大江以言 大江以言の概要

大江以言

出典: フリー百科事典『ウィキペディア(Wikipedia)』 (2023/10/01 04:37 UTC 版)

大江以言(菊池容斎『前賢故実』)

経歴

漢学を藤原篤茂に学ぶ。文章生から対策に及第し、一条朝前半に大内記勘解由次官を歴任した。世に「帥殿方人」[1]と目されるほど藤原伊周(帥殿)と極めて親しかったため、長徳2年(996年)に発生した長徳の変で伊周が失脚すると、以言も飛騨権守に左遷された。

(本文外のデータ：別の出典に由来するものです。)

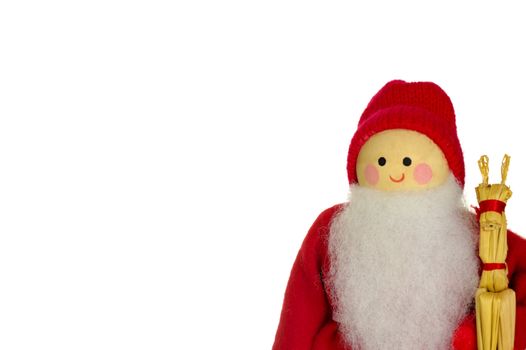 A wooden Father Christmas doll, holding a straw reindeer, isolated on a white background. Space for text.
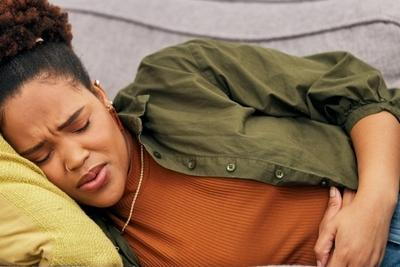 Woman Diagnose with IBS lying down in sofa.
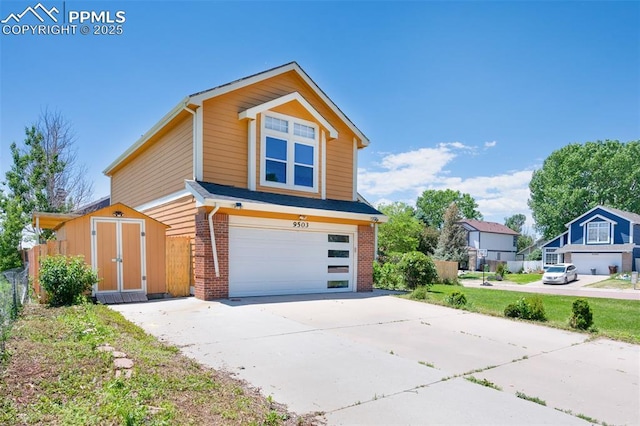 9503 Brisk Breeze Ct, Colorado Springs, CO 80925 - view of front facade featuring a garage, brick siding, and driveway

その後、伊周の赦免に伴って以言も帰京したらしく、長保元年(999年文章博士、長保5年(1003年大外記と文筆に関わる官職を歴任。この間の長保5年(1003年)には、長兄・大江清言らとともに、弓削朝臣から大江姓に復している。藤原道長執政下において官途は不遇で、「恨暗漢雲之子細」の佳句が一条天皇の知るところとなり、蔵人に補任されそうになったが、左大臣・藤原道長や殿上人達が承引しなかったので、ことは立ち消えになる。憤懣やるかたない以言は、帝が奸臣に欺瞞されたことを風刺した詩句「鷹鳩不変三春眼、鹿馬可迷二世情」(「馬鹿」の語源にもなったといわれる二世皇帝趙高の故事を引く)を放言した。それでも殿上人は「湯気(ゆげ)の上らんとす」と以言の旧姓「弓削(ゆげ)」をもじって皮肉ったという[2]。ただし、道長は以言の漢詩を評価していたようで、たびたび自らの詩会に大江匡衡とともに以言を招いている(『御堂関白記』)。のち、治部少輔を経て、式部権大輔を歴任し、位階従四位下に至った。

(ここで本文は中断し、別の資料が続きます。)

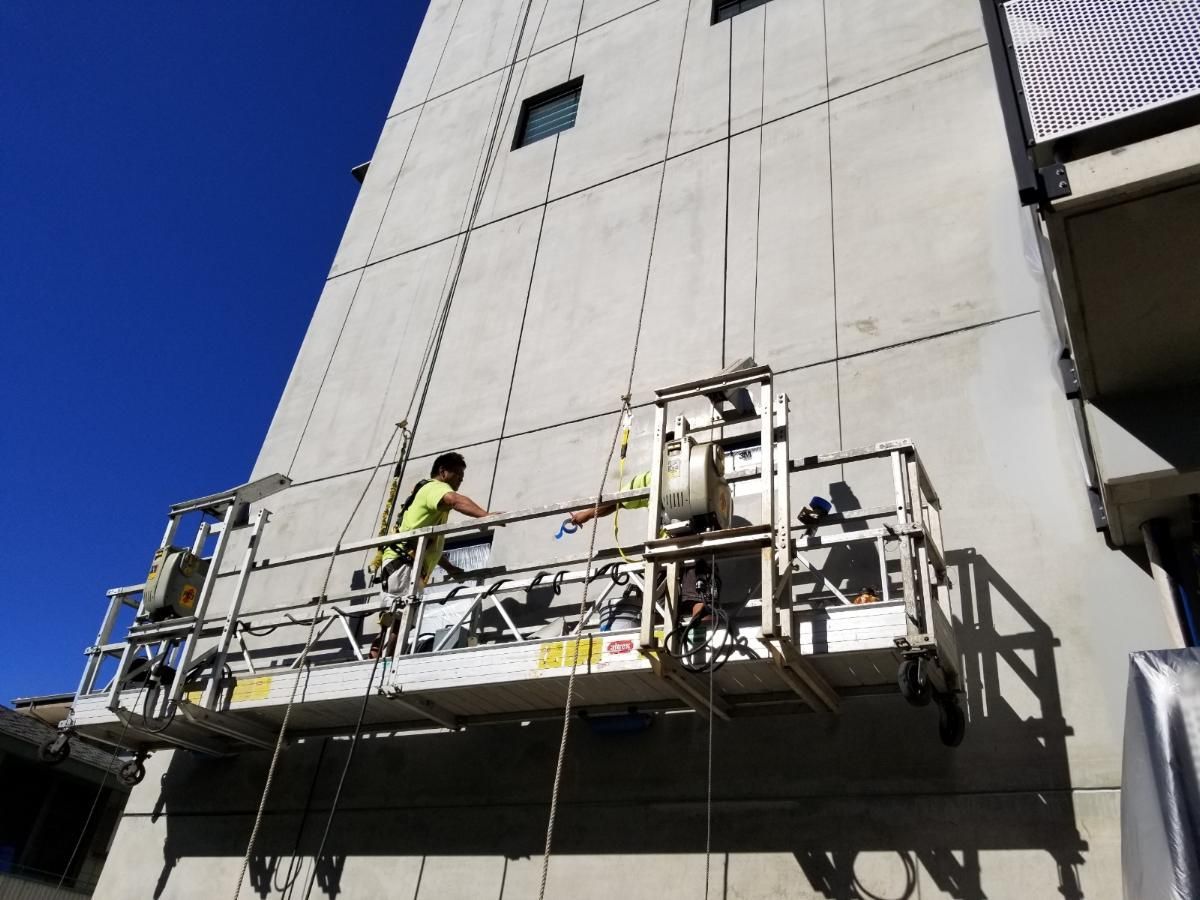 A man is working on the side of a building on a scaffolding.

寛弘7年(1010年)正月に伊周が没すると、以言もその後を追うように同年7月24日に卒去享年56。最終官位は従四位下行式部権大輔。

文学面

その文体は自由奔放で新奇な趣向が目立つが、言い換えれば恣意で法則を無視したものが多く、とても後学には真似することができないと大江匡房に評されている[1]。その秀作に対して、慶滋保胤が妬みにも似た感嘆を発したことがある[2]。慶滋保胤はまた、具平親王の問いに対して、以言の詩文は「白砂の庭前、翠松の陰の下、陵王を奏するが如し」清奇であると評した[3]。具平親王からも以言は詩文において「上手」と賞賛された[4]。以言は同時代の高名な文士である紀斉名の詩を批判したことがあり[1]、自らも文才を自負していた様子がうかがえる。

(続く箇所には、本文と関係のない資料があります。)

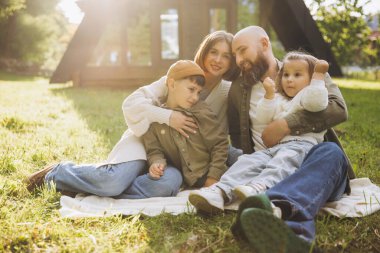 Smiling family sitting on a blanket in a park, enjoying a delightful picnic under the warm sun, surrounded by nature and laughter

一条朝詩壇の詞華集である『本朝麗藻』の入集数は20首で、2位の具平親王(18首)を抜いて最多入集を果たしている。『和漢朗詠集』(11首)、『本朝文粋』(27首)、『新撰朗詠集』(35首)、『和漢兼作集』(6首)などにも詩文を採られている。『以言集』8帖、『以言序』1帖があったことが平安末期を生きた藤原通憲(信西)の蔵書目録に見えるが、伝わらない。

和歌では『詞花和歌集』雑下に「網代には 沈む水屑も なかりけり 宇治のわたりに 我や住ままし」の1首が入集している。

源俊賢藤原行成具平親王との親交も詩作からうかがえる。『江談抄』には彼の詩文にまつわる逸話が多く収められている。

官歴

注記のないものは後藤昭雄「大江以言考」による。


  1. ^ a b c 『江談抄』第五
  2. ^ a b 『江談抄』第四
  3. ^ 今鏡』巻9「唐歌」、『古今著聞集』「文学」に、大同小異の内容で載っている話。
  4. ^ 『江談抄』第六
  5. ^ 『小右記』
  6. ^ a b 『日本紀略』
  7. ^ 二中歴
  8. ^ 『外記補任』によると長兄・清言が改姓しており、同時に以言も改姓したと考えられる。
  9. ^ 『一代要記』
  10. ^ 『続本朝往生伝』一条天皇の条
  11. ^ 江談抄』第四。大江匡衡は以言を高く評価するかたわら、彼が書いた詩序の破題には秀句が無いとの批評も下している。一方、以言も匡衡が書いた願文の秀句(原文は『江談抄』巻六)について評価しなかったとする『水言鈔目録』の注釈がある。